I know from personal experience that we are in a heroin epidemic. Where I'm from (Dover,DE) heroin has hit the city very hard and it's becoming the southern Wilmington. I cannot even go fishing without finding used syringes in the forest. Over the past 15 years, prescription opioid and heroin overdose deaths have quadrupled. Now, Narcan is known to bring overdose victims on the brink of death back to life, but improvements in how it is delivered can still be made.
One of the problems is that naloxone is only available by prescription in 38 states and naloxone is what prevents an overdose from becoming fatal. Many people who overdose are in the presence of another person and that person may hesitate to call for help; in fear of the victim or themselves being arrested. Time is a huge factor in determining life or death, and waiting for paramedics to administer the treatment is not good enough. That is why some medical professionals feel that naloxone should be available to people who take opioid medication and people who are addicts. They feel that naloxone should be in the medicine cabinet of all patients taking opioid pain medication or for families of addicts. However, the only FDA-approved way of administering naloxone is through intravenous or intramuscular injection , and that can be troublesome for people not trained in that manner.
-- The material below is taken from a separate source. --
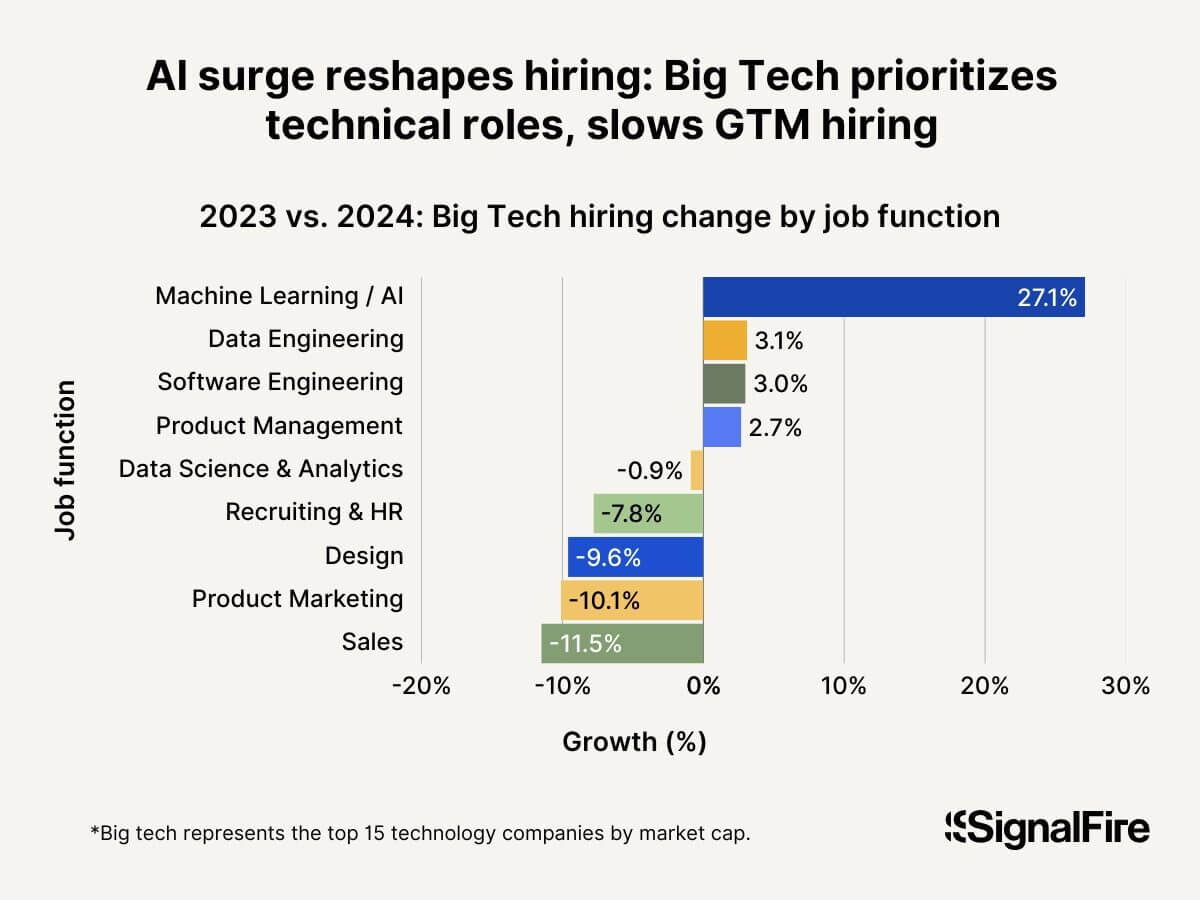 State of Tech Talent Report 2025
Giving an overdose victim an injection is also dangerous because many opioid abusers could have bloodborne diseases such as Hepatitis C or HIV and expose people to it. To get over this problem successful intranasal naloxone delivery systems were developed,but they have a high rate of error with dosage amounts and people must be trained to use them. Therefore, development of nasal-delivered naloxone with the same effectiveness as injection-delivered naloxone was created. The FDA required injection-like pharmacokinetic properties for approval of any intranasal version of naloxone. The new nasal spray contains a solution of naloxone 40 times as concentrated as the original intranasal naloxone delivery system. The new product is easy to use and another product, an autoinjector, has been created to be easy to use by the addict or first responder (which could be anybody). For the autoinjector, "the company’s scientists went through 22 different naloxone formulations before finding one that had a long shelf life and could withstand high temperatures, Williamson says. They also studied how people interact with Evzio to ensure it was easy to use." In addition, "As the opioid crisis expands, elected officials are beginning to support efforts to get naloxone into the hands of first responders and bystanders. President Barack Obama’s 2017 budget includes $500 million to expand overdose prevention, including improving access to naloxone."